* [EXERCISE PROMPT]: After finding the line with "407 Shoveler Place" in the entries below, retype exactly each line from there through the line with "4th image of 7335 E Quincy Ave #1", including that final line.

* [SUPPLIED RECORDS]:
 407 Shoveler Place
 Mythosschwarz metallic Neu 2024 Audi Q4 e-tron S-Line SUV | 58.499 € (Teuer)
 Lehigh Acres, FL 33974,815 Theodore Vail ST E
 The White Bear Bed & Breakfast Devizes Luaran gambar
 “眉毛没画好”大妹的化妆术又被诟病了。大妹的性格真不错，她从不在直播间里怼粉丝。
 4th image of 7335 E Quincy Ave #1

---

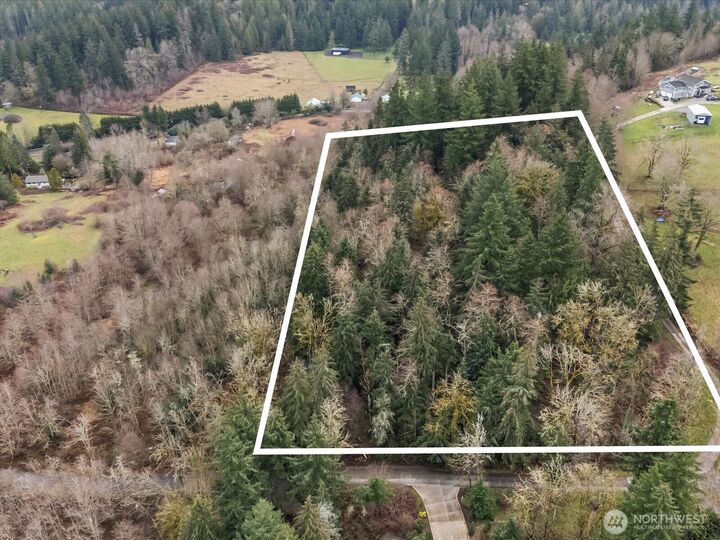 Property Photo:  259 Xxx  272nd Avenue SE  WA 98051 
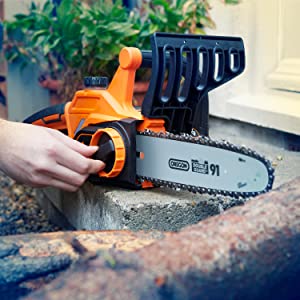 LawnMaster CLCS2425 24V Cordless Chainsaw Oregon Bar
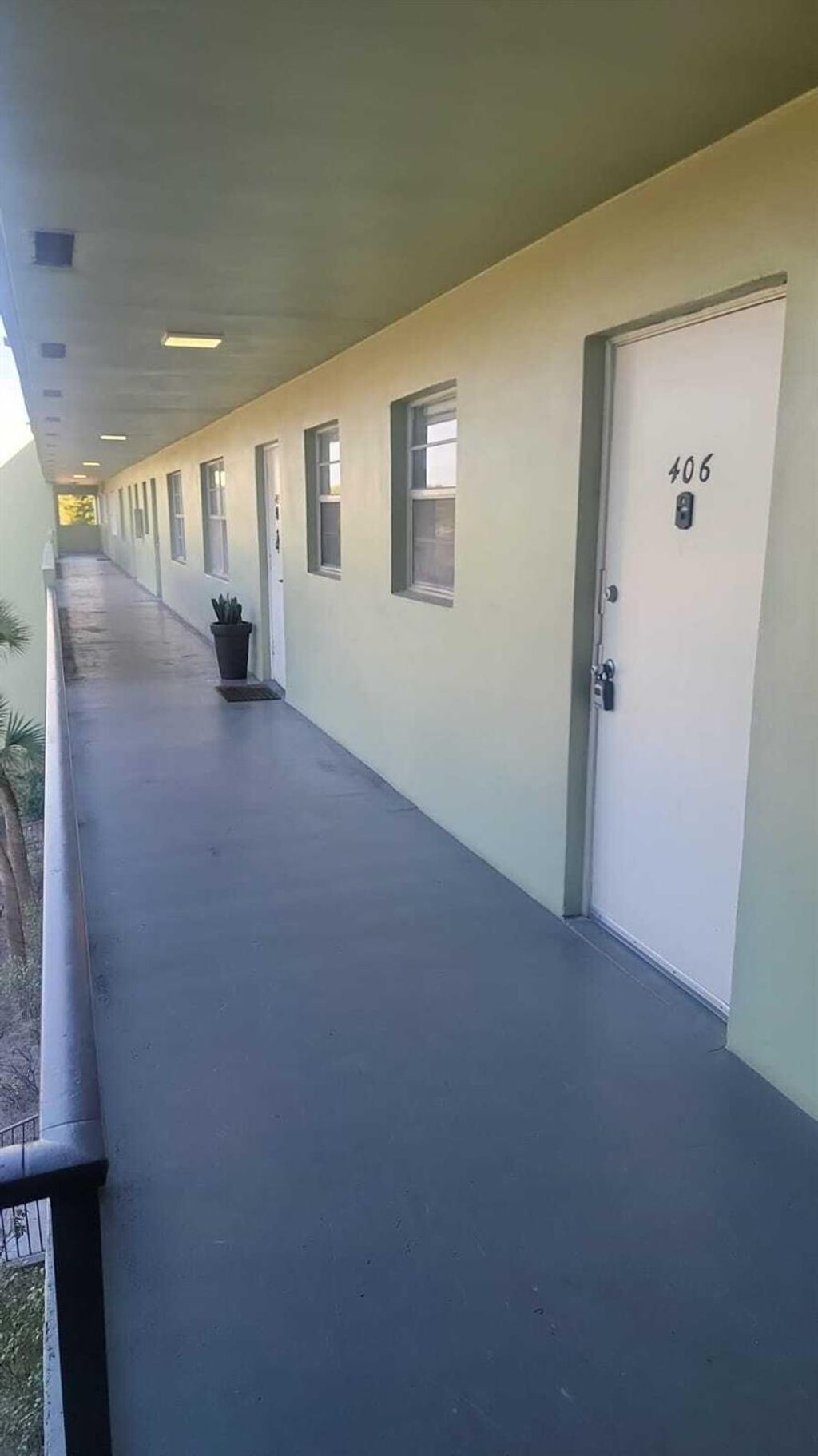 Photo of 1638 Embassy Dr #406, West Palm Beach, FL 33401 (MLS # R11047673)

--

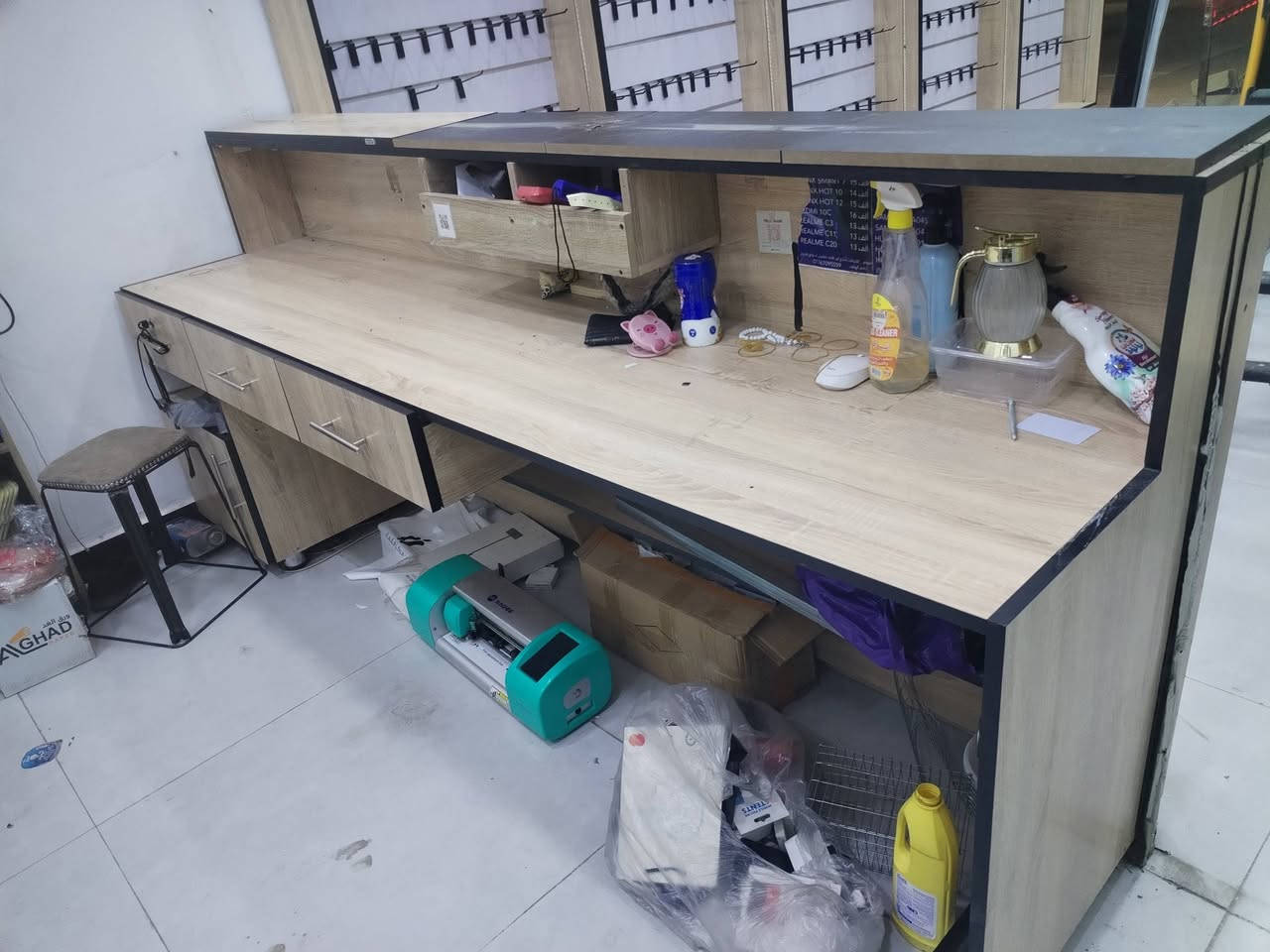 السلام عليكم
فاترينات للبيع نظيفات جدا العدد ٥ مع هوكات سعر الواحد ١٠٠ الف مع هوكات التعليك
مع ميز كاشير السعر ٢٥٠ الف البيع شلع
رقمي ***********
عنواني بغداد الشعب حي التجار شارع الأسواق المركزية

* [OUTPUT FOR THIS TASK]:
 407 Shoveler Place
 Mythosschwarz metallic Neu 2024 Audi Q4 e-tron S-Line SUV | 58.499 € (Teuer)
 Lehigh Acres, FL 33974,815 Theodore Vail ST E
 The White Bear Bed & Breakfast Devizes Luaran gambar
 “眉毛没画好”大妹的化妆术又被诟病了。大妹的性格真不错，她从不在直播间里怼粉丝。
 4th image of 7335 E Quincy Ave #1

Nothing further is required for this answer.